> _Work task_: Keep the pictures out of the copy and print all the entries below exactly.

> _Pictures with short captions_:

::::::::

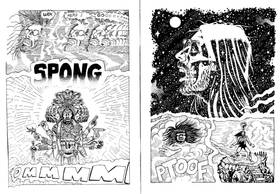 Read BrainStorm  Comix  2 Page 4 in English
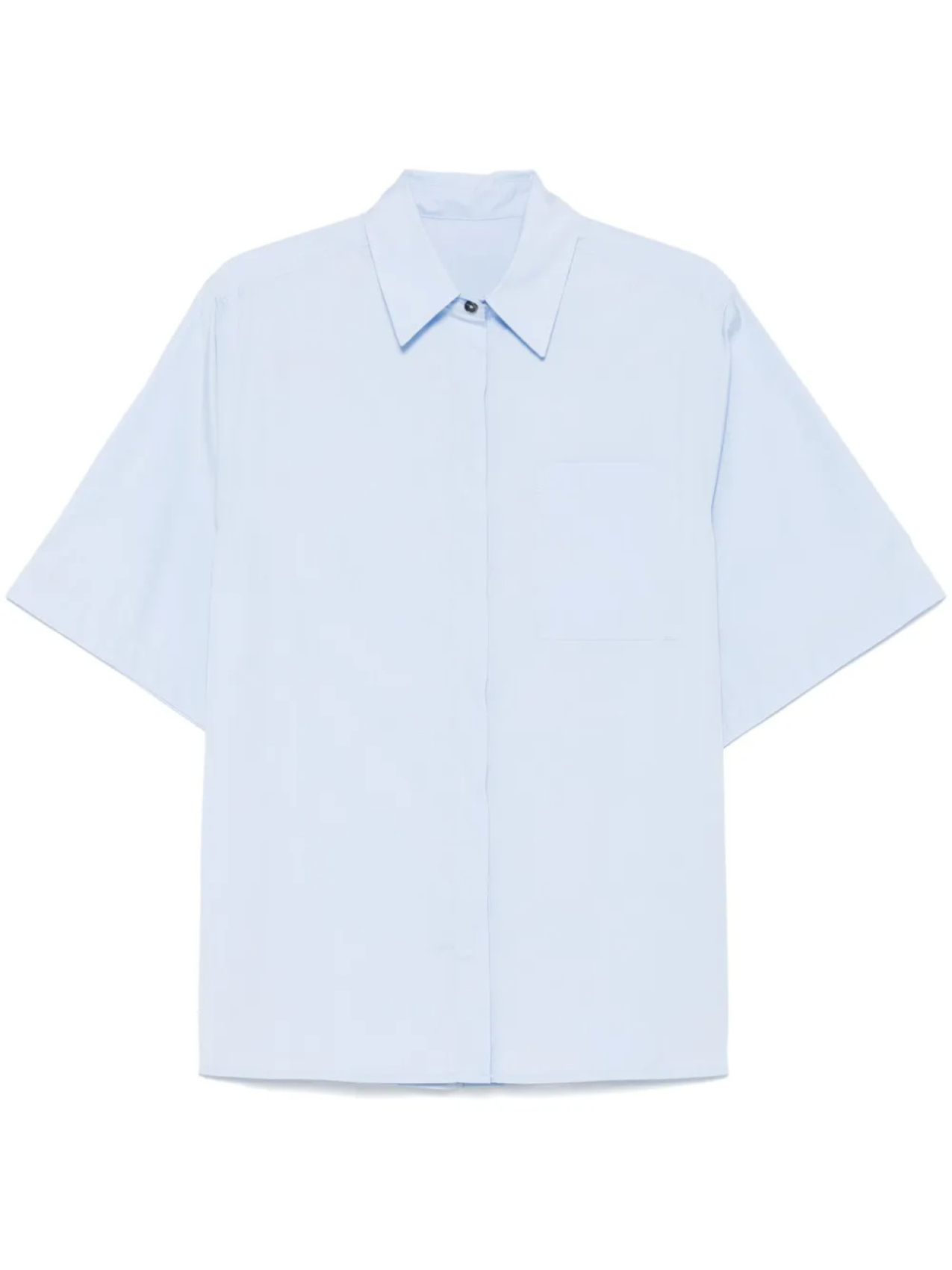 Рубашка Clio Nine In The Morning, синий
Рубашка Clio Nine In The Morning, синий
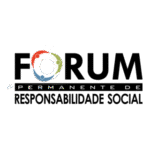Fórun De Resp Social Logo Transparent PNG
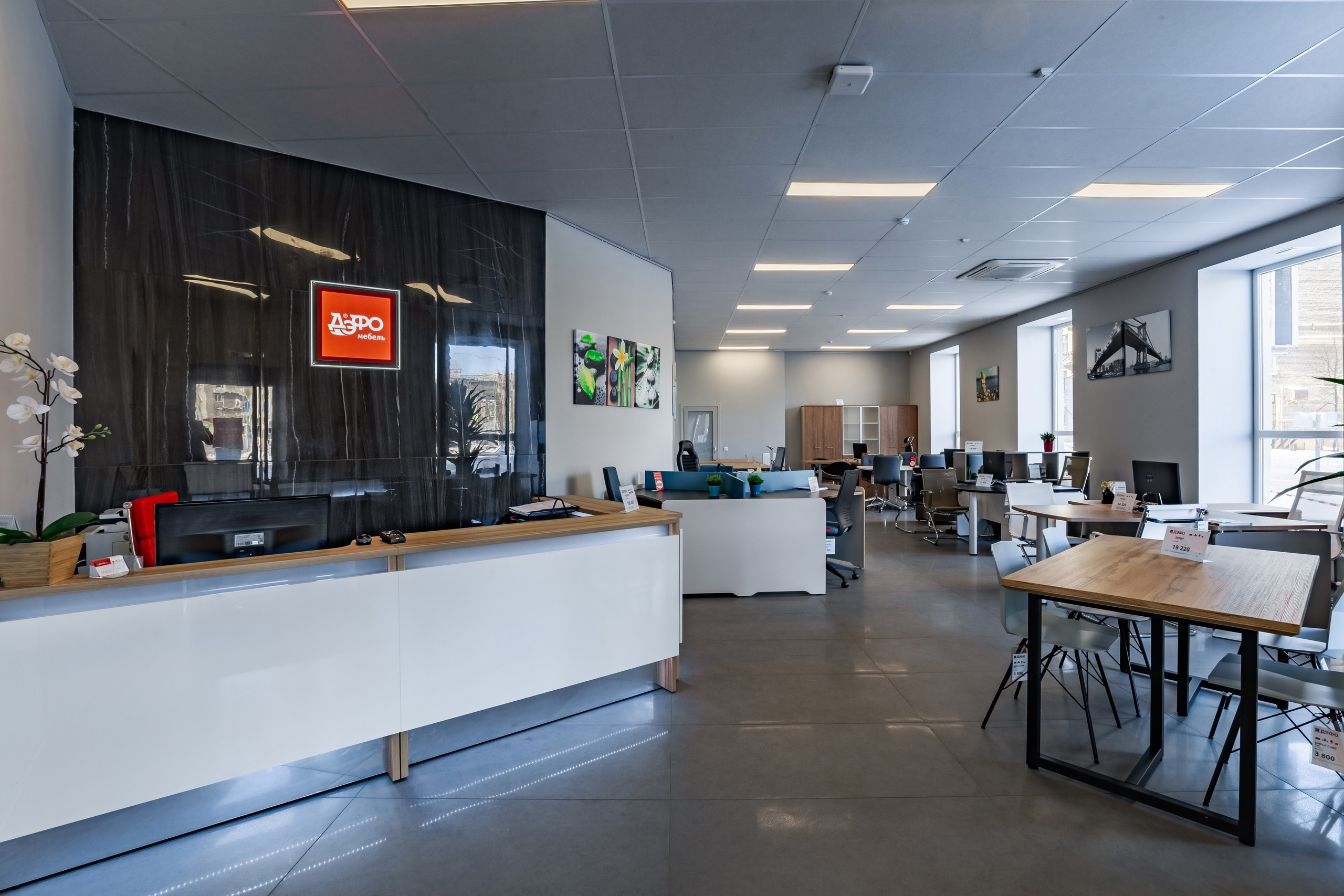 Интерьерный фотограф СПб, Санкт-Петербург и Москва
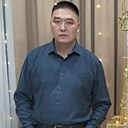 Равиль, 33 года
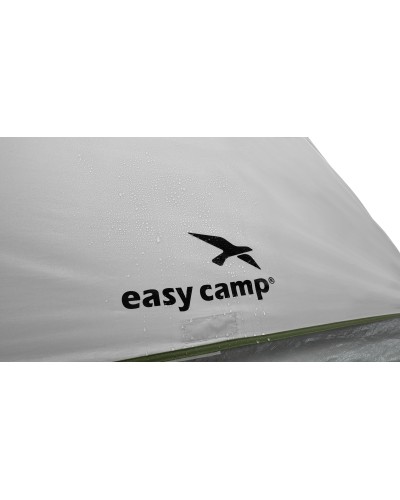 Намет шестимісний Easy Camp Huntsville 600 Green/Grey (120408)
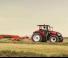 Traktory z napędem 4WD Case IH Luxxum 110 Basis
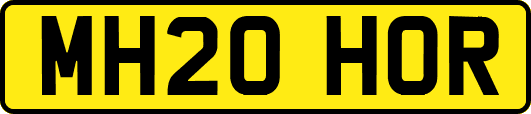 MH20HOR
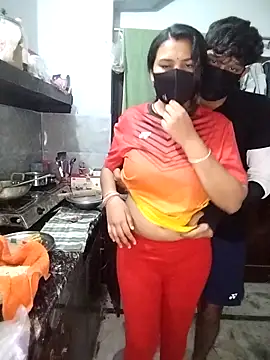 hotty ragini online show from 17, 12, 2025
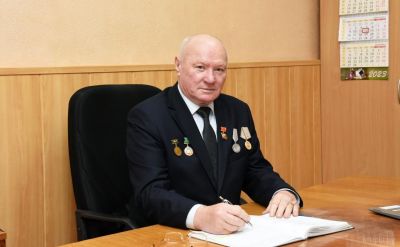 136,8% – темп роста объема производства промышленной продукции на Крупском льнозаводе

::::::::

> _Exercise output_:
 Read BrainStorm  Comix  2 Page 4 in English
 Рубашка Clio Nine In The Morning, синий
Рубашка Clio Nine In The Morning, синий
Fórun De Resp Social Logo Transparent PNG
 Интерьерный фотограф СПб, Санкт-Петербург и Москва
 Равиль, 33 года
 Намет шестимісний Easy Camp Huntsville 600 Green/Grey (120408)
 Traktory z napędem 4WD Case IH Luxxum 110 Basis
 MH20HOR
 hotty ragini online show from 17, 12, 2025
 136,8% – темп роста объема производства промышленной продукции на Крупском льнозаводе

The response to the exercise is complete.